In the long term, this opens the door to a world of genetic modification, which will require society to consider several hitherto-unexplored questions.
What new ethical questions does this raise?
Just as oncologists place great emphasis on whether a tumor has even once gone somewhere other than where it started, humankind has now even once succeeded in editing its own genetic code. It is difficult to overstate the significance of this development.
CRISPR technology can also be used to edit germline cells, meaning (to oversimplify a bit) that we now have the technology to make heritable changes—changes that will be passed down through generations. Calls have already gone out online to regulate human genetic modification, limiting it to treating intractable diseases like sickle-cell anemia.
But the question will soon arise: Once we start editing the human genetic code, where—and how—do we stop?

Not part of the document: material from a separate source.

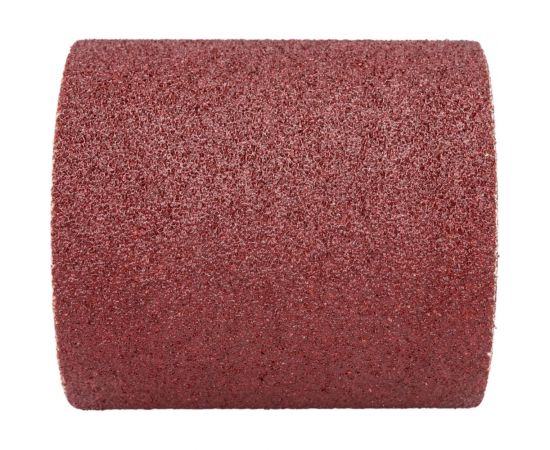 Шлифшкурка Бобина № 25Н, P60, 14А, 0.075x3 м, на тканевой основе, водостойкая бобина CNIC 53962 – изображение 2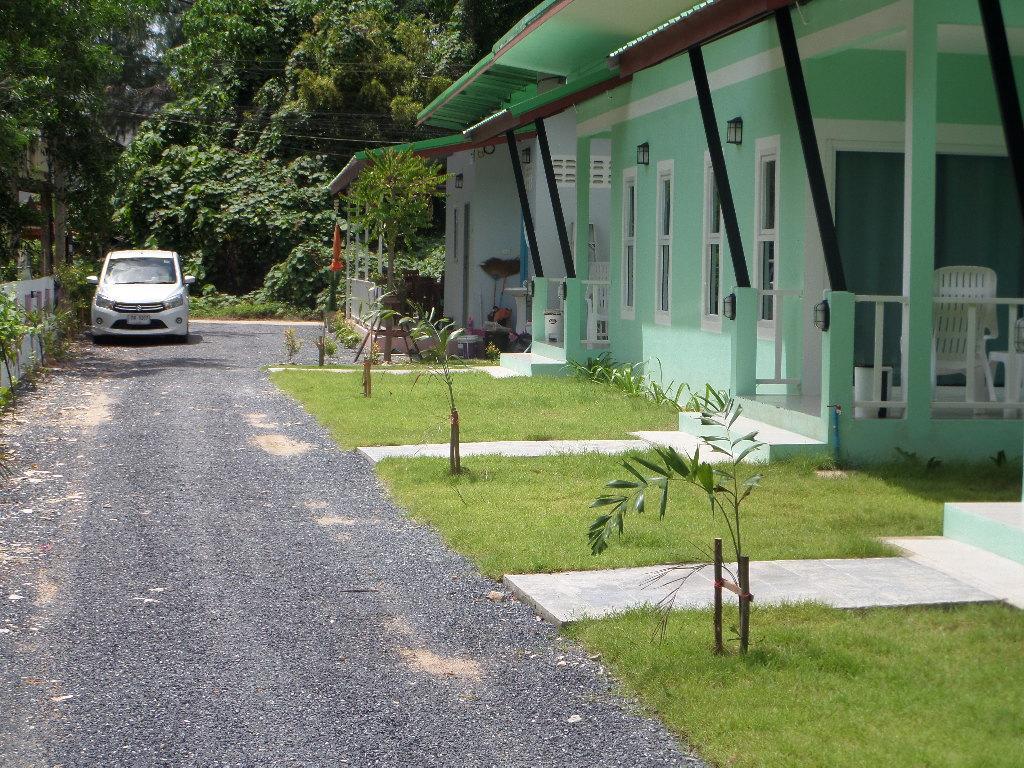 Lanta Triple Novel Hotel Ko Lanta Eksteriør billede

Sickle-cell seems to be an easy call: Plainly the human body’s design calls for functioning red blood cells. Other genetic illnesses carry the same argument—would we deny treatment to a person with Tay-Sachs, muscular dystrophy, Huntington’s?
But what’s the best way to prevent these same technologies from being misused? Will society refuse to let them be deployed to make our children more intelligent, longer-lived, tall-blonde-and-blue-eyed—just as long as we’re willing and able to pay?
If we say, “We’ll regulate it,” still more questions arise: Who does the regulating? And how? When the inevitable rogue geneticist modifies germline DNA, how exactly do we propose to deal with the babies that come from it?